From the first line of the entries below through the line bearing "Chrysler Town & Country Touring l salvage", write out each line exactly. Omit pictures.

(Image-caption web data)
== Segment start ==
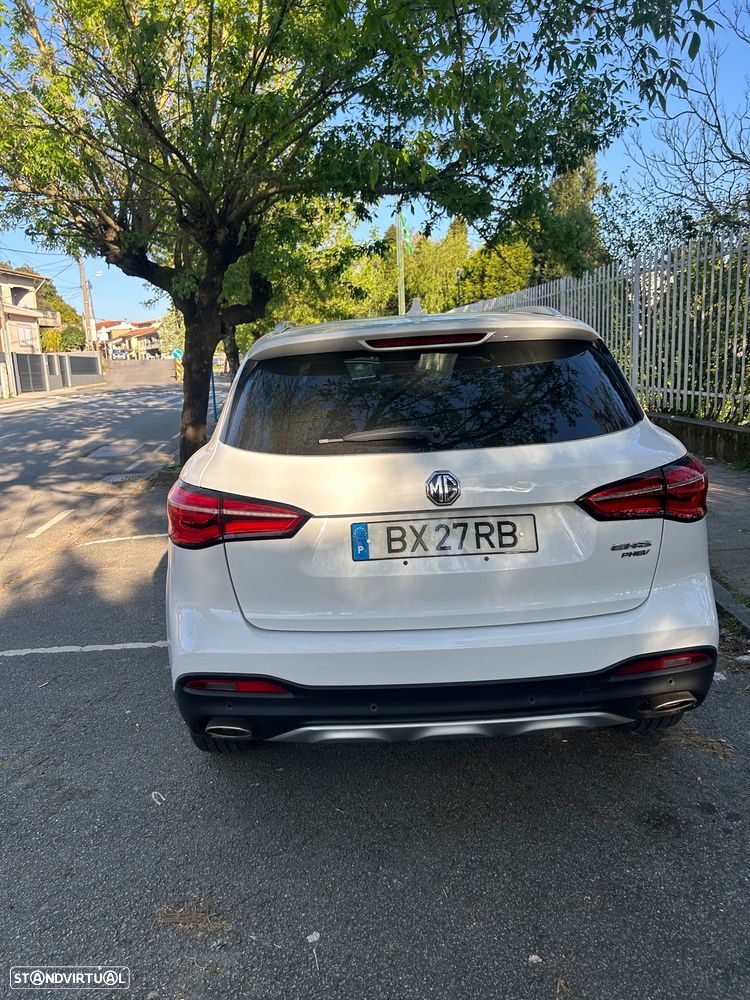 MG EHS 1.5T-GDI Luxury - 16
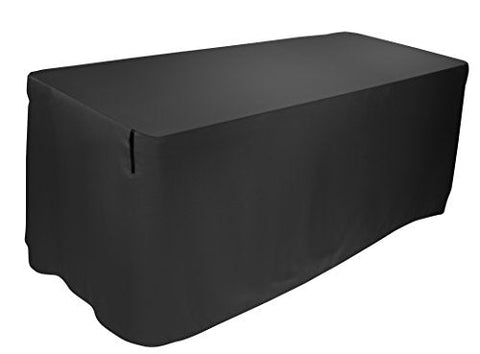 Ultimate Support Ultimate 5Ft Entertainers Table Cover, Black (USDJ5TCB)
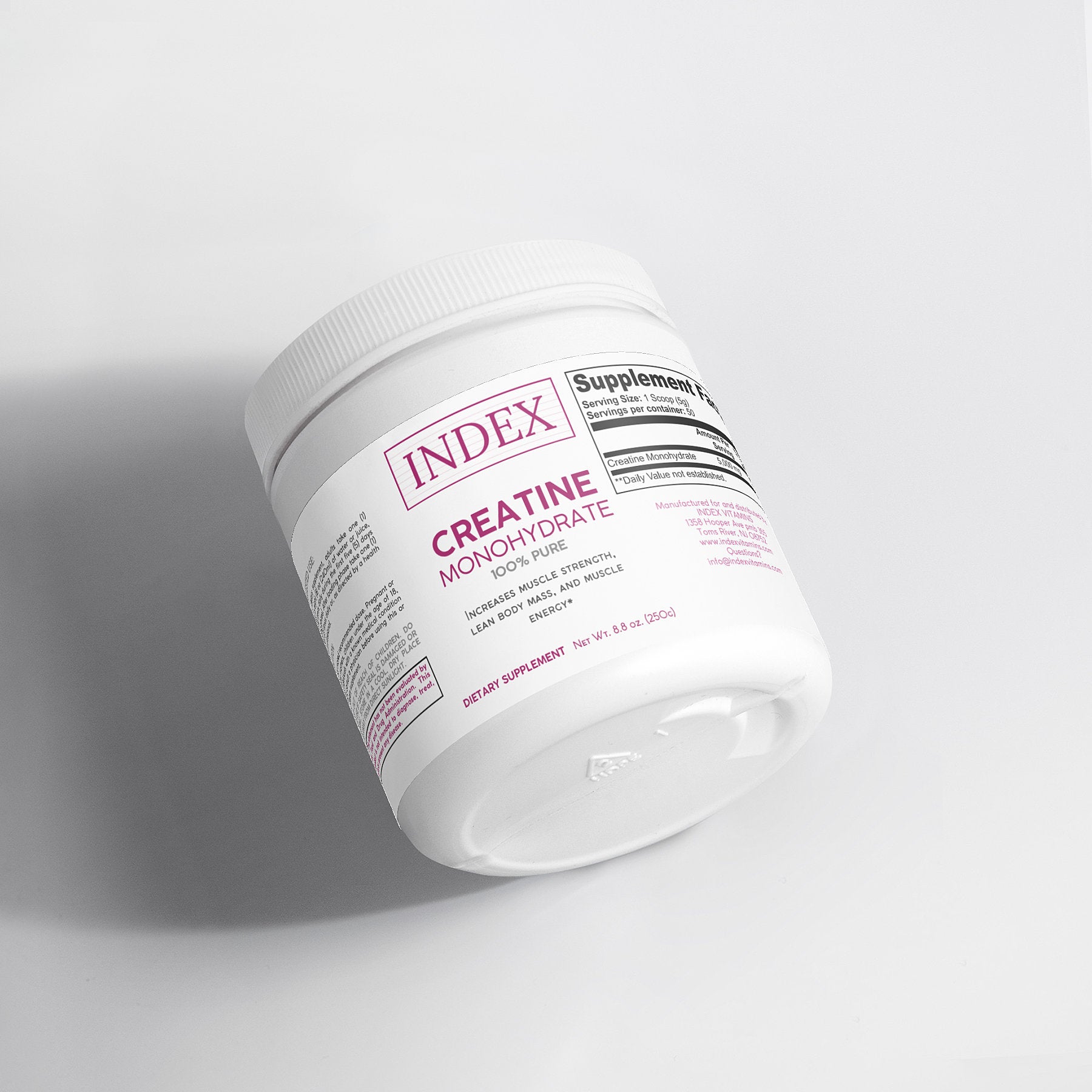 Creatine Monohydrate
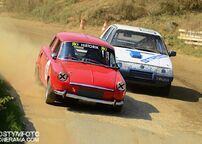 Rallycross Cup 2016 - Sedlčany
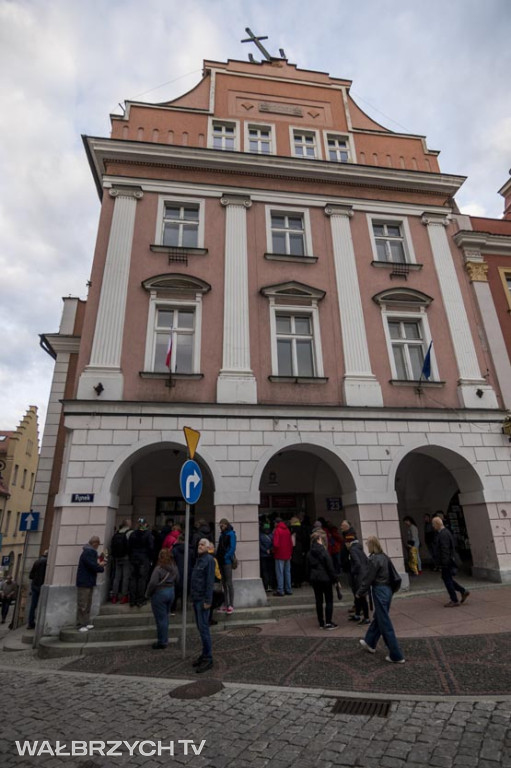 Noc Muzeów: Zwiedzanie Śródmieścia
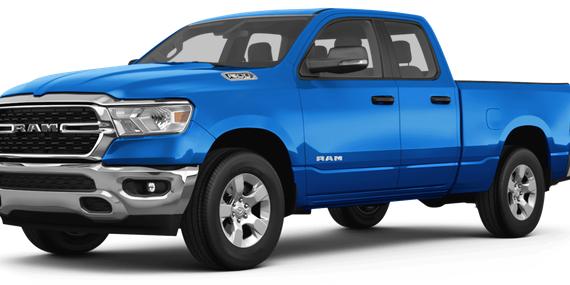 RAM 1500 2023 1C6RRFBG1PN613596 image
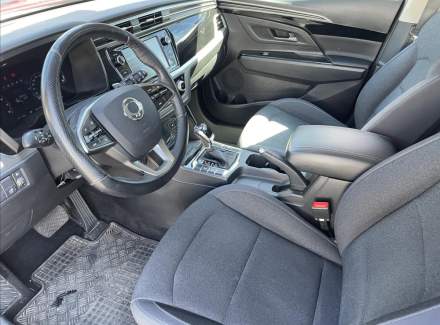 SsangYong - Korando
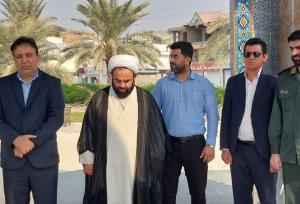 شهدا چراغ راه مسئولان در مسیر خدمت هستند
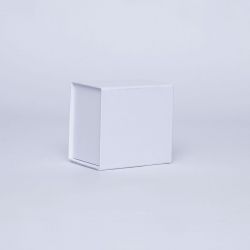 Caja magnética personalizada Wonderbox 10x10x7 CM | WONDERBOX (ARCO) | ESTAMPADO EN CALIENTE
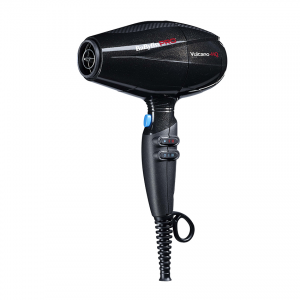 Фен BaByliss Pro VULCANO HQ, ионизация, 2 насадки 2400 Вт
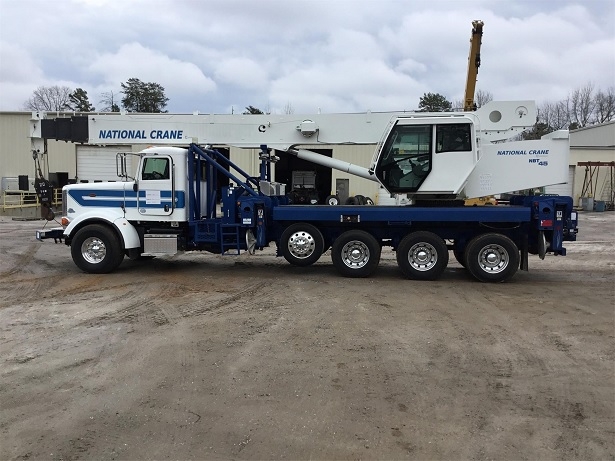 Cranes National NBT45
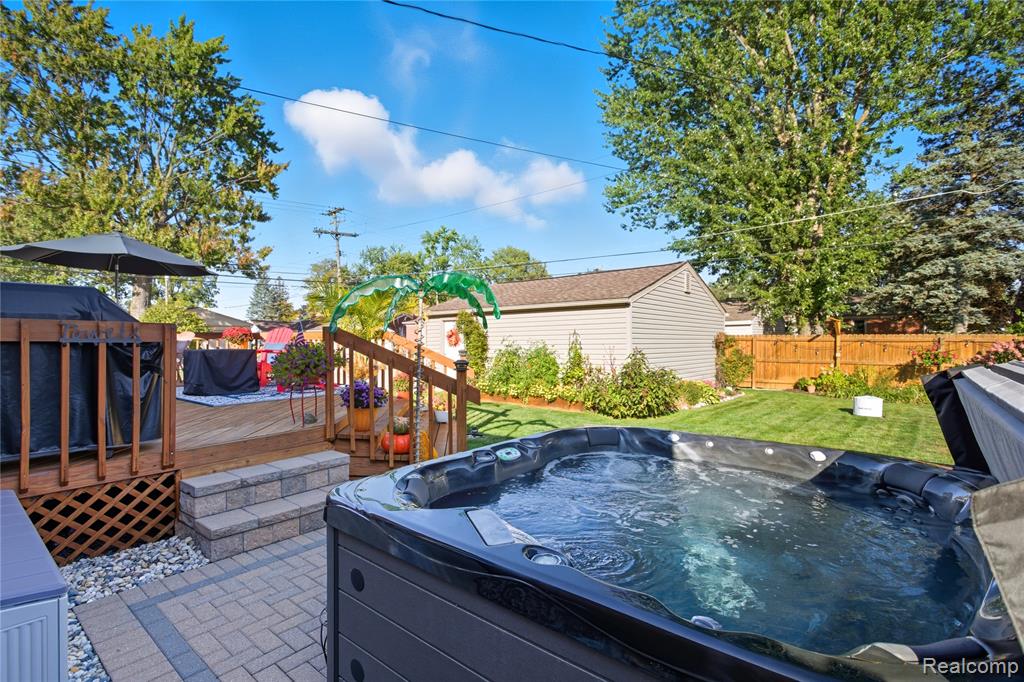 9840 Brookfield Street, Livonia, MI 48150 — Photo 53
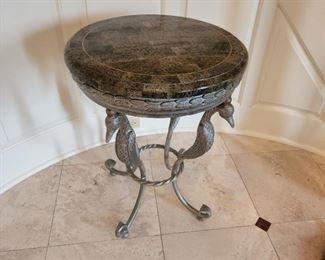 26" high x 20" diameter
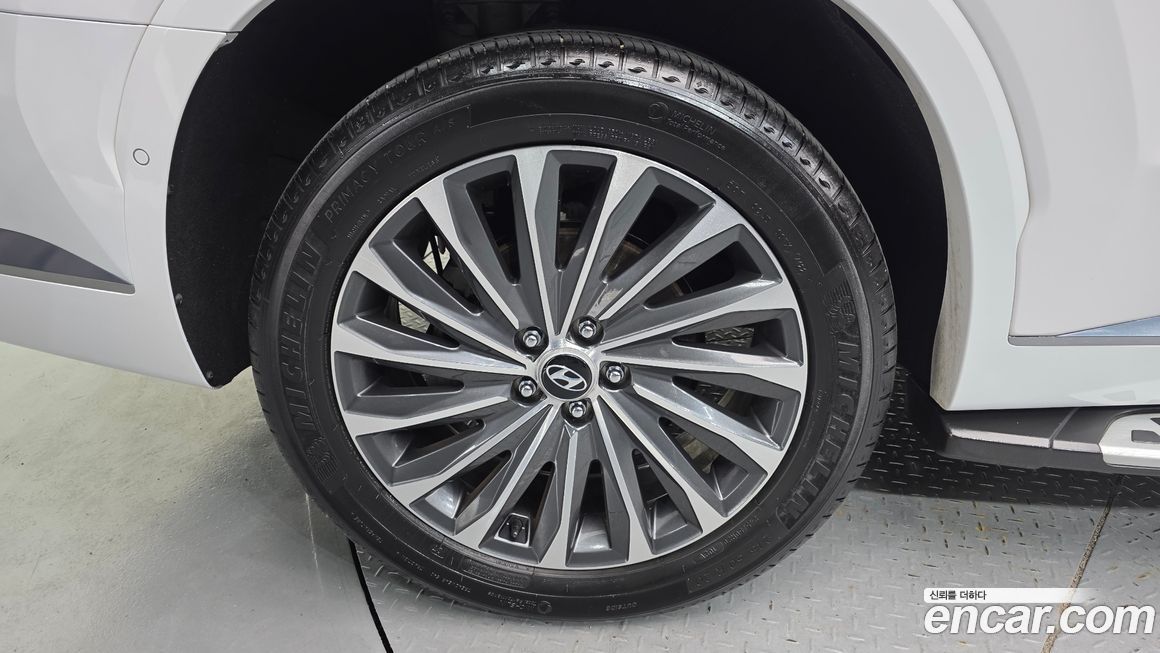 Hyundai Palisade 2023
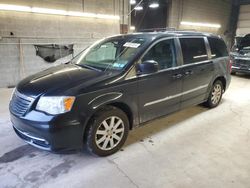 Chrysler Town & Country Touring l salvage cars for sale: 2011 Chrysler Town & Country Touring L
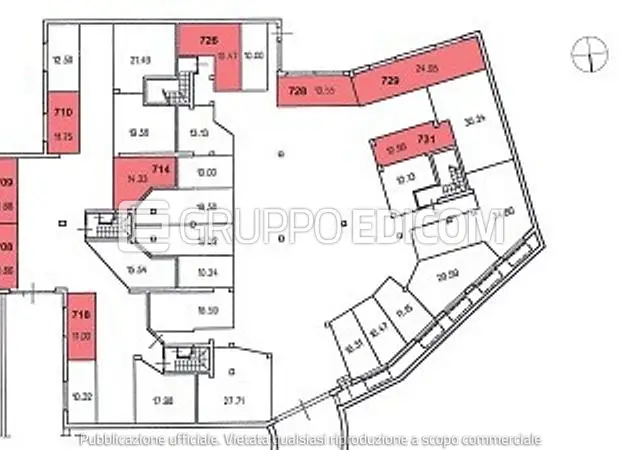 Stalle, scuderie, rimesse, autorimesse in Via Cambrembo - 1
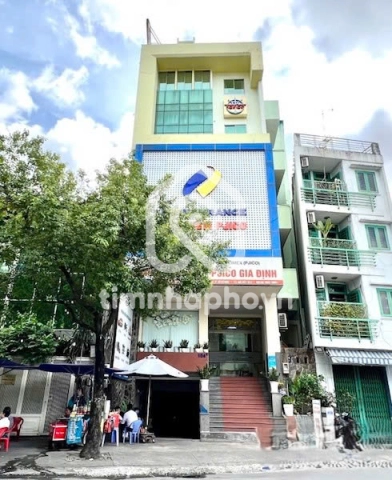 104A Đường Hoàng Hoa Thám, Phường Gia Định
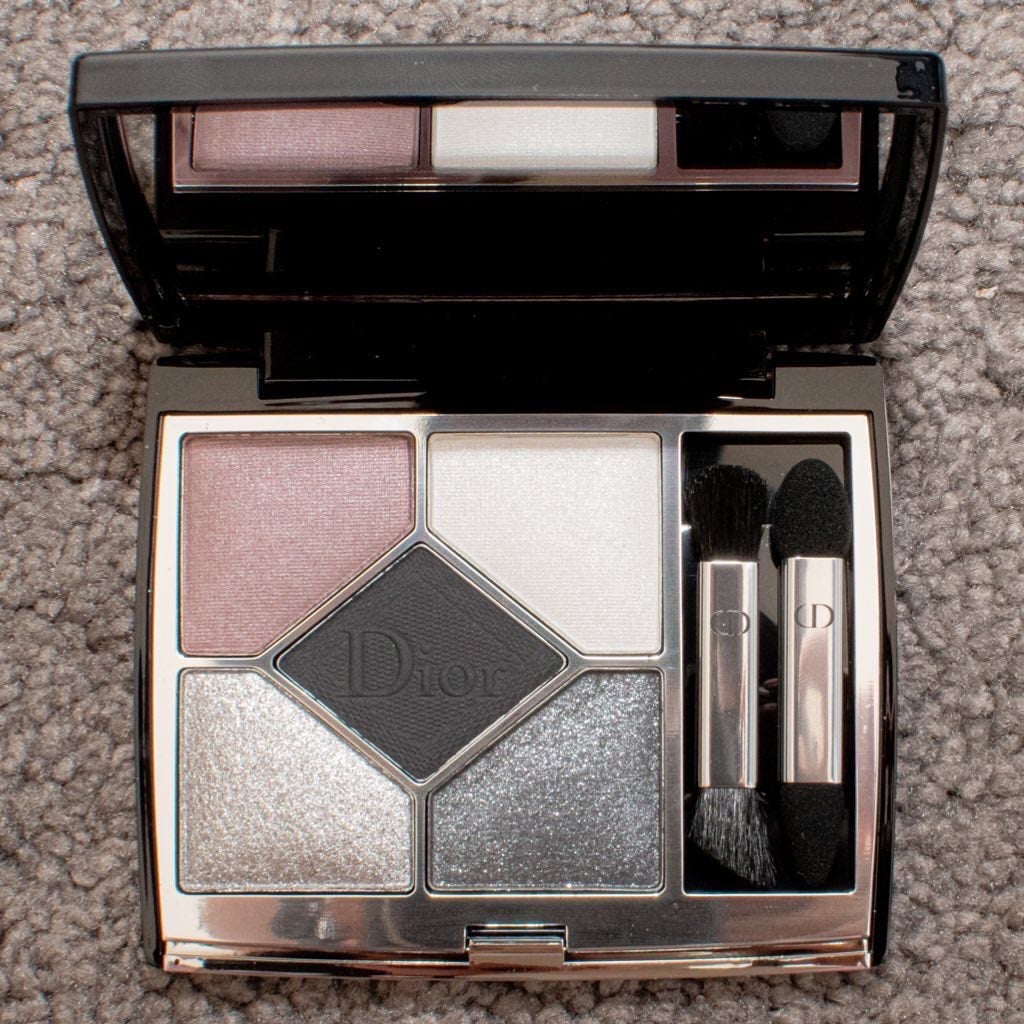 【旧】サンク クルール クチュール/Dior/アイシャドウパレットを使ったクチコミ(8枚目)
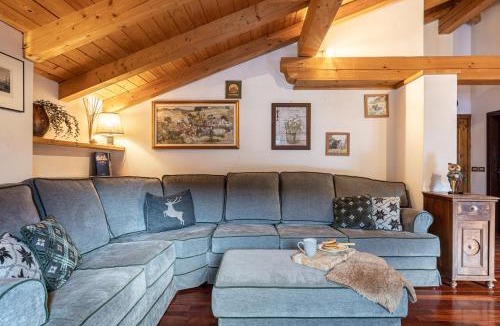 Palu Apartment | Penthouse Center Madonna di Campiglio VN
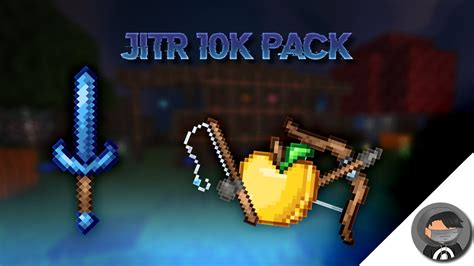 Jitr 10k Texture Pack Texture Pack Pvp For Minecraft Bedrock 119x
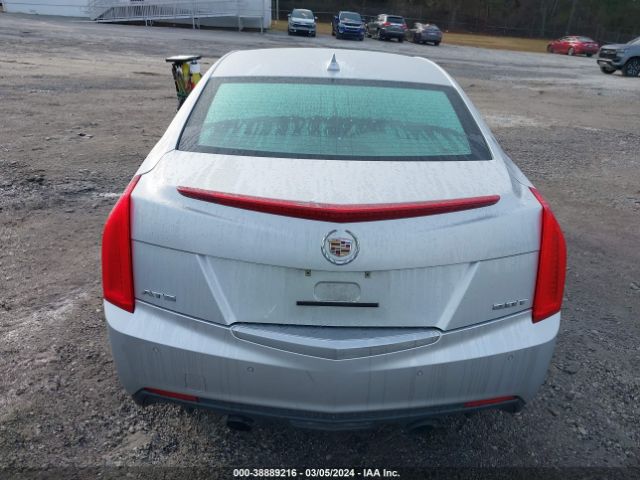 1G6AB5RX5E0193994 Cadillac ATS LUXURY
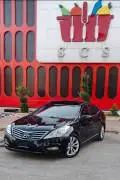 Hyundai Azera Grandeur 2012
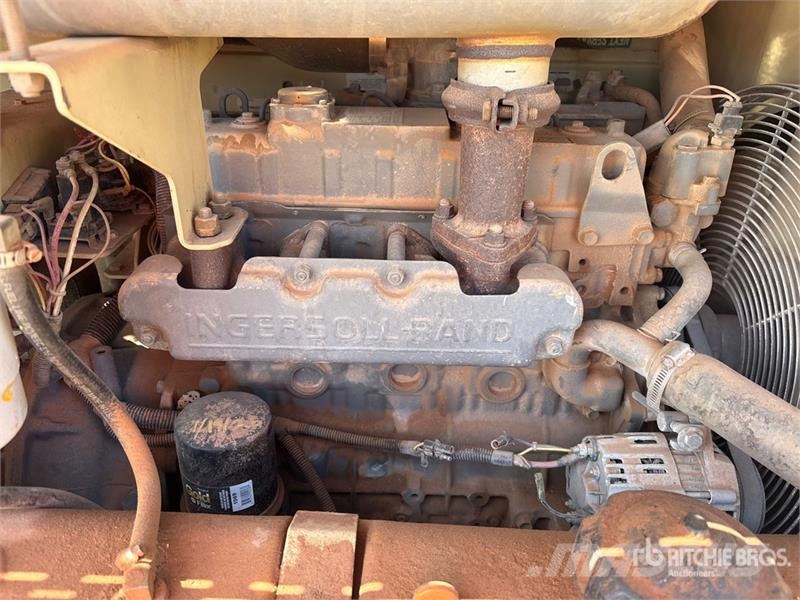 Ingersoll Rand P185WIR Compressori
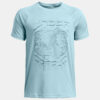 Boys' T-shirt Under Armour UA B TECH GAME DAY SS - Boys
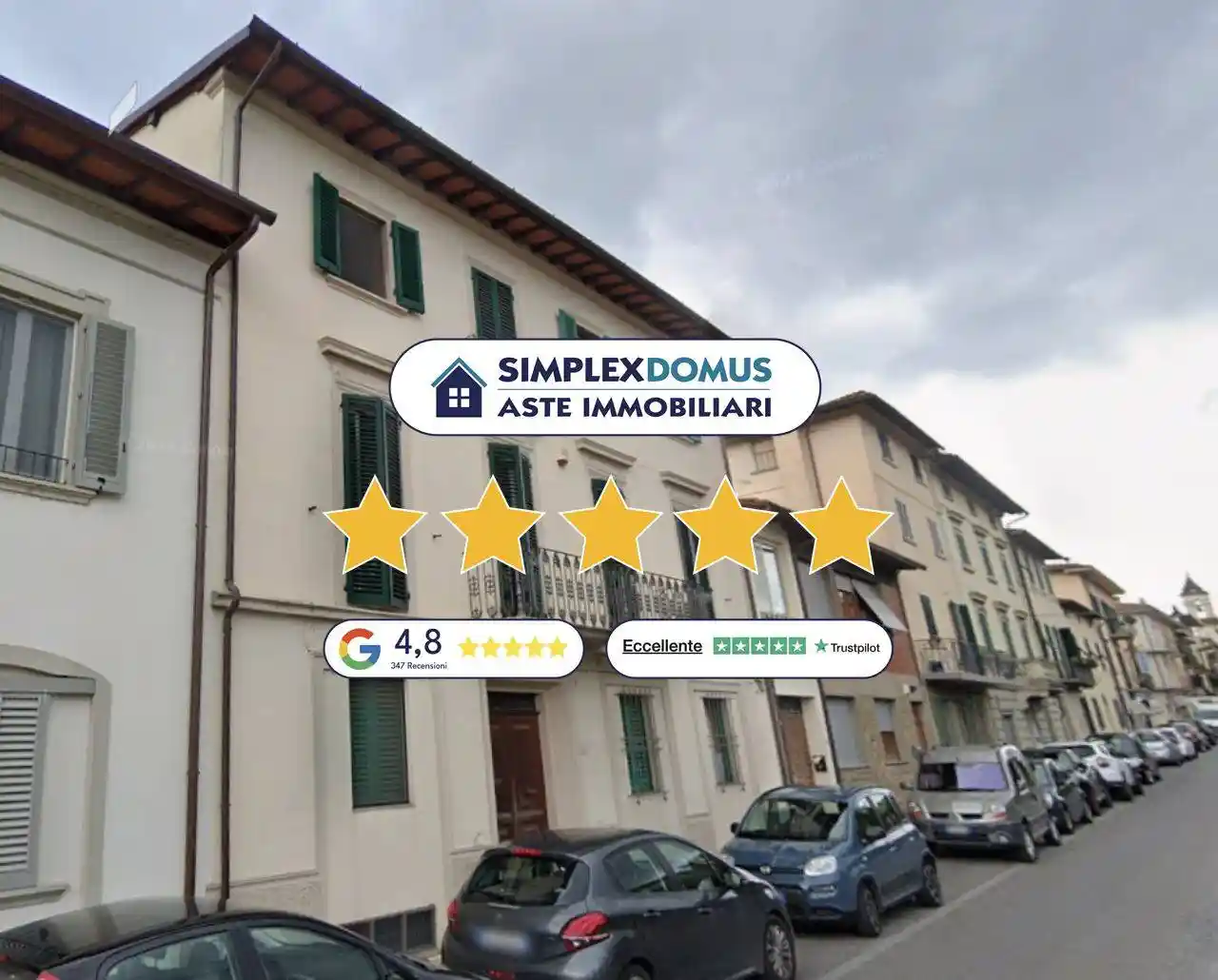 Appartamento in vendita a Terranuova Bracciolini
== Segment end ==
# Solution:
 MG EHS 1.5T-GDI Luxury - 16
 Ultimate Support Ultimate 5Ft Entertainers Table Cover, Black (USDJ5TCB)
 Creatine Monohydrate
 Rallycross Cup 2016 - Sedlčany
 Noc Muzeów: Zwiedzanie Śródmieścia
 RAM 1500 2023 1C6RRFBG1PN613596 image
 SsangYong - Korando
 شهدا چراغ راه مسئولان در مسیر خدمت هستند
 Caja magnética personalizada Wonderbox 10x10x7 CM | WONDERBOX (ARCO) | ESTAMPADO EN CALIENTE
 Фен BaByliss Pro VULCANO HQ, ионизация, 2 насадки 2400 Вт
 Cranes National NBT45
 9840 Brookfield Street, Livonia, MI 48150 — Photo 53
 26" high x 20" diameter
 Hyundai Palisade 2023
 Chrysler Town & Country Touring l salvage cars for sale: 2011 Chrysler Town & Country Touring L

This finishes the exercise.